El camino de la confrontación no lleva a ningún lado. El campo no es el enemigo, como tampoco lo son quienes exigen condiciones de producción más saludables. Hay una falsa dicotomía instalada que nos impide avanzar. No se trata de campo versus ambiente, sino de cómo producimos, cómo alimentamos a millones y cómo cuidamos a quienes habitan y trabajan la tierra.
Los sectores que están enfrentados tienen que “soltar el puño y extender la mano”. Argentina necesita tender puentes si quiere aspirar a un desarrollo sostenible e inclusivo. Con negacionismo científico y discursos de odio, no podrá ingresar a la OCDE ni avanzar con el acuerdo comercial con la EFTA. El mundo observa con lupa las decisiones ambientales de los países; ya no hay más margen para mirar para otro lado.

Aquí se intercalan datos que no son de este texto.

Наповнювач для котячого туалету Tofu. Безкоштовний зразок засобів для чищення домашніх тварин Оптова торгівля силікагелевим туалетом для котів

La transición hacia un modelo más sano, justo y sostenible requiere acuerdos amplios. Y esos acuerdos no van a nacer desde el enojo, sino desde el entendimiento mutuo. La agroecología no es una amenaza: es una oportunidad. Tampoco se trata de imponer modelos, sino de abrir caminos.
Hoy más que nunca necesitamos espacios de encuentro. Si seguimos esperando que sea la Justicia la que ponga los límites, habremos fracasado como comunidad. Que la política, la ciencia, el sector productivo y la ciudadanía puedan sentarse a la misma mesa es quizás el mayor desafío, pero también la mayor promesa de este tiempo.